Study case of using radar and pressure sensor methods for direct streamflow measurement and prediction in forested watersheds from Brașov

Abstract

Accurate measurement of streamflow in small mountain basins is critical for flood forecasting and water resource management, yet it remains challenging due to harsh conditions and lack of infrastructure. This study evaluates two modern direct discharge monitoring methods, a non-contact radar sensor and a submersible pressure transducer in forested headwater catchments of the Carpathian Mountains in Romania. The radar device (Sommer RQ-30) and pressure sensor (METER Hydros 21) were installed in comparable small basins to continuously record water level and discharge. We describe the measurement principles, field installations, and operational advantages and limitations of each system.
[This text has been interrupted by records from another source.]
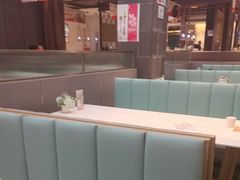 -阿瓦山寨·湘菜现炒·剁椒鱼头王(咸阳总店)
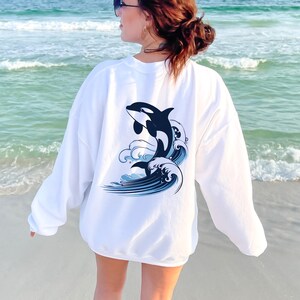 Orca Wave Art Sweatshirt, Stylish Marine Life Gift for Ocean Lovers, Killer Whale Sweater, Sea Lover Gift, Sea Creature Shirt, Beach Vibe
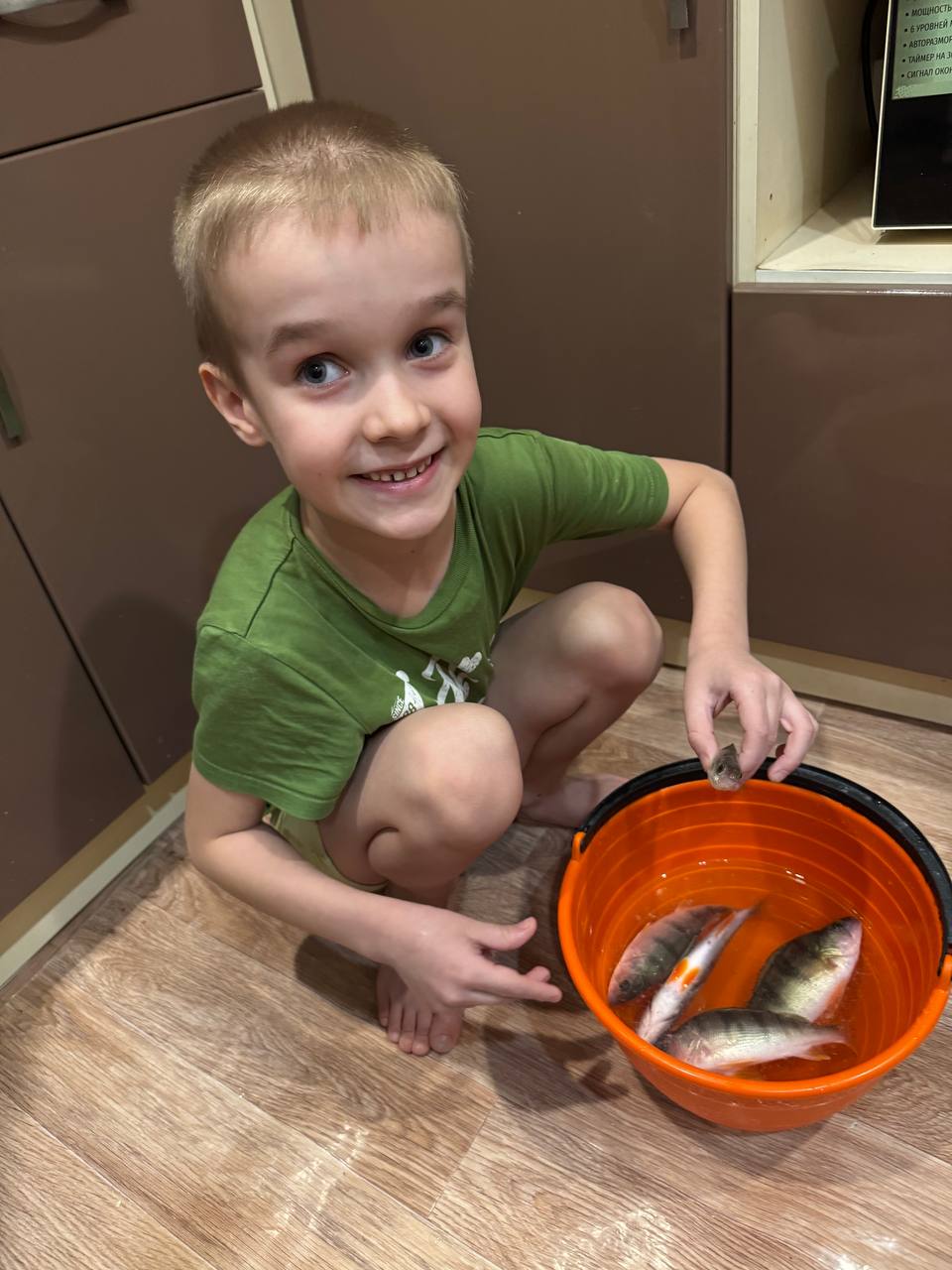 Вкусна уха из окуньков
Two representative flood events were analyzed: a summer flash flood (peak discharge ~4.6 m³/s) monitored by the radar in a 14 km² basin, and a spring snowmelt-driven flood (peak ~1.4 m³/s) captured by the pressure sensor in a 0.87 km² basin. The radar sensor provided real-time hydrographs with clearly defined peaks and minimal signal noise, while the pressure sensor (paired with a V-notch weir) yielded accurate discharge estimates but required data filtering and maintenance. Overall, the radar method better performed in capturing rapid flood dynamics and operational reliability in remote sites, whereas the pressure sensor method offered cost-effective accuracy for moderate flows and baseflow calibration. Key findings highlight the complementarity of these techniques for small mountain basins: the radar ensures safety and continuity under extreme events, and the pressure sensor remains valuable for detailed low-flow measurements. The paper discusses the comparative performance under field conditions and provides recommendations for integrating both technologies in monitoring networks.